Are Reparations for Slavery Possible in America?

The cost of compensating Americans descended from enslaved people or the legacy of bondage and subsequent racial oppression could be as much as $13 trillion. For models, many look to policies drafted to translate the most hellish forms of suffering into redress for historically oppressed peoples in countries like Germany and Colombia.

Are Reparations for Slavery Possible in America?

Protests unleashed by the deaths of George Floyd, Breonna Taylor and other Black Americans have renewed a debate around reparations for slavery, with many looking to policies drafted to translate the most hellish forms of suffering into redress for historically oppressed peoples in countries like Germany, Colombia, Kuwait as potential road maps, reports USA Today.

Iraq paid out almost $50 billion to Kuwait for the destruction of its oil fields during its invasion and occupation of the country during the Persian Gulf War in 1990-91. Colombia’s so-called Victims Law was established for more than 11 million people who were caught up in more than half a century of the country’s armed conflicts. And Germany has also, since 1952, paid more than $80 billion in reparations directly to 800,000 Holocaust victims.

According to Kirsten Mullen, a folklorist and historian, and William Darity, an economist at Duke University, the cost of compensating Americans descended from slaves for the legacy of bondage and subsequent racial oppression could be as much as $13 trillion.

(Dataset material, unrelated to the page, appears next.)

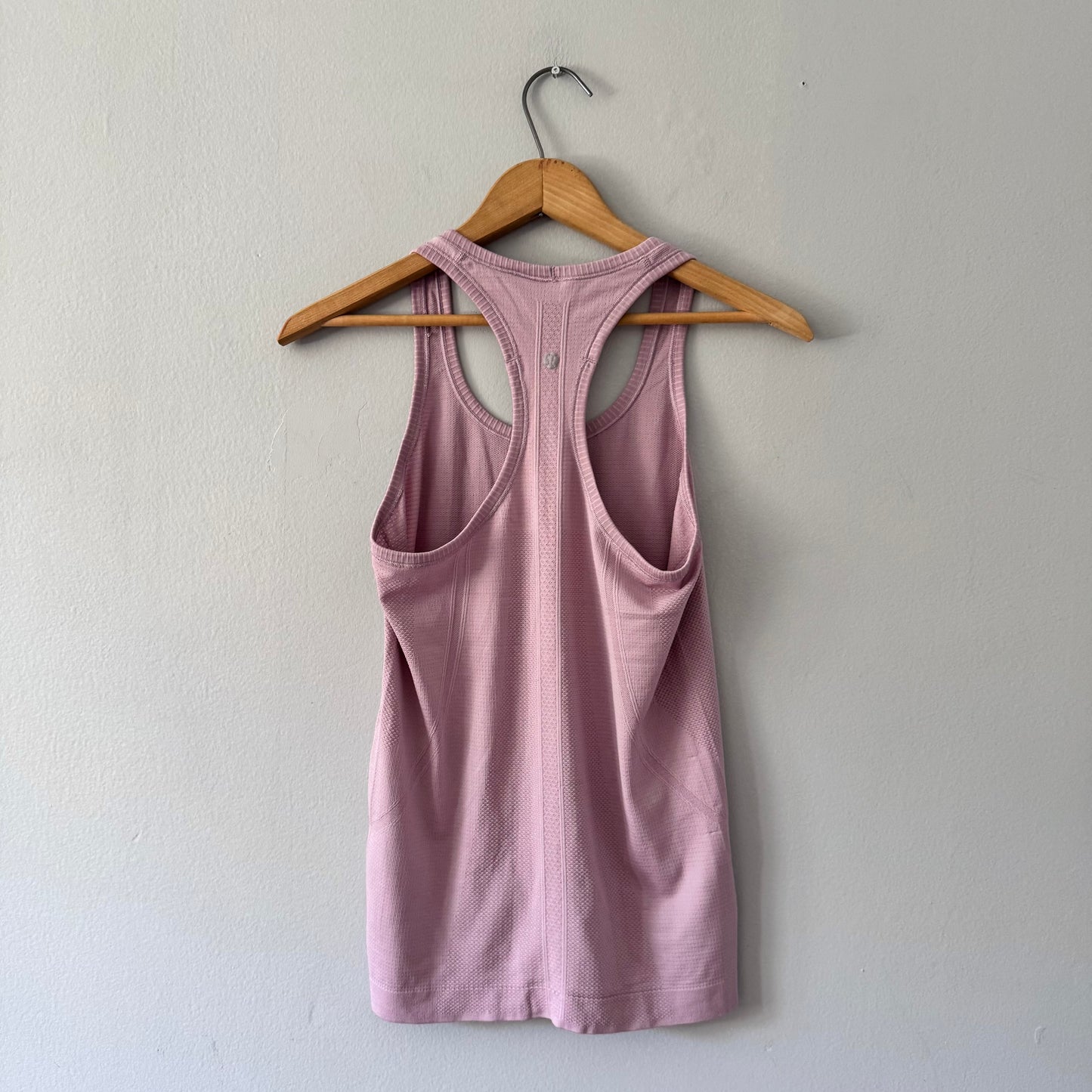 Lululemon / Lavender active tank / Women 4-6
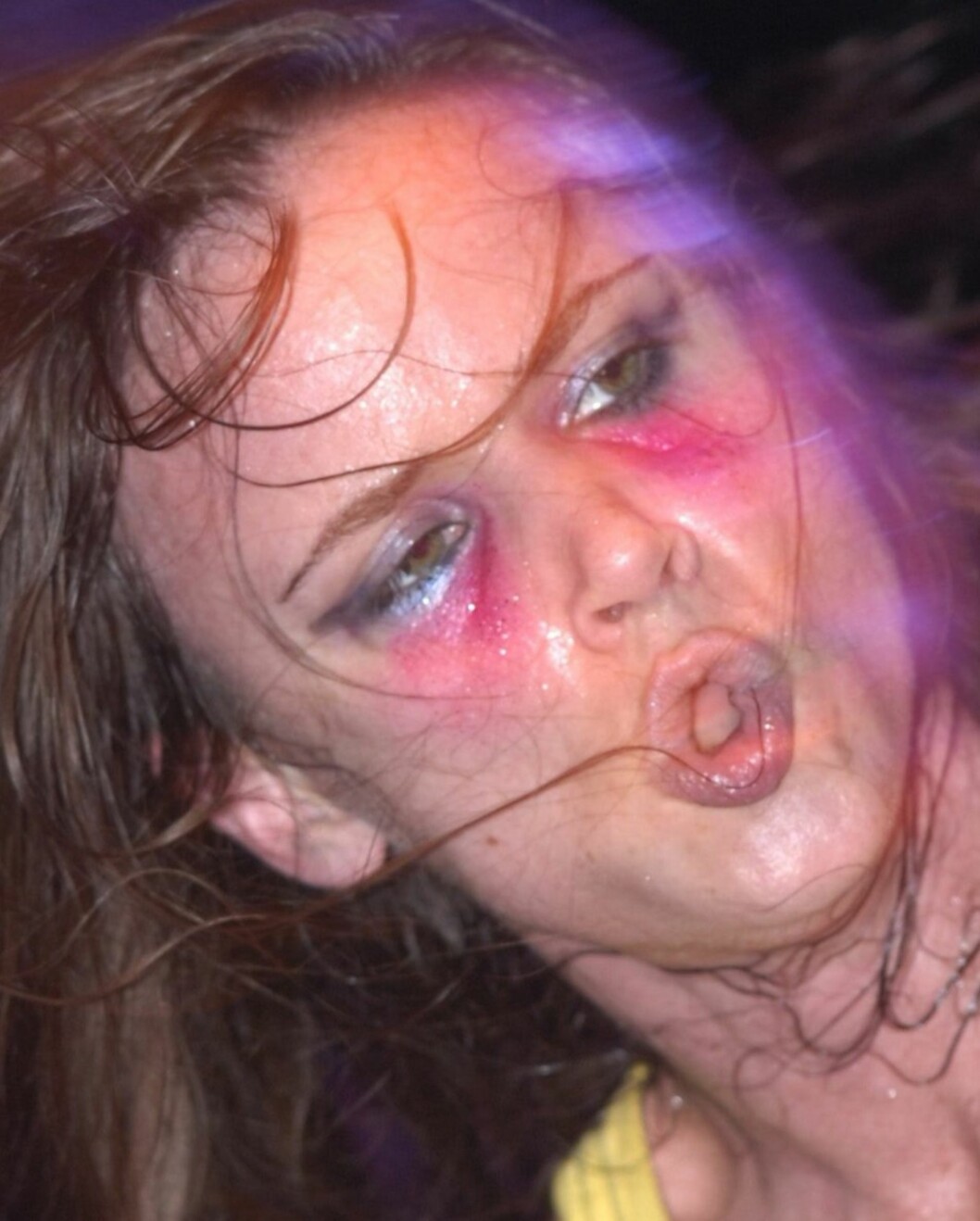 Hvor var det leppestiften skulle igjen? Under øynene? Rockeren og skuespilleren Juliette Lewis husker ikke helt. Hvor var det leppestiften skulle igjen? Under øynene? Rockeren og skuespilleren Juliette Lewis husker ikke helt.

Out of an approximate 45 million Black Americans, about 40 million would be eligible recipients of these funds if eligibility is based on whether their ancestors were enslaved in the USA, working out to roughly $300,000-$350,000 per recipient.

Weeks after George Floyd was killed, the California Assembly passed a bill to establish a task force to study and develop reparation proposals for African Americans. More than a year before, Rep. Sheila Jackson Lee, D-Texas, sponsored a bill in Congress known as H.R. 40, or the Commission to Study and Develop Reparation Proposals for African-Americans Act.

Though Congress for the first time formally apologized for slavery in 2008, H.R. 40 has still faced opposition. A Reuters/Ipsos poll published in 2021, only one in five respondents agreed that the USA should use “taxpayer money to pay damages to descendants of enslaved people in the United States.”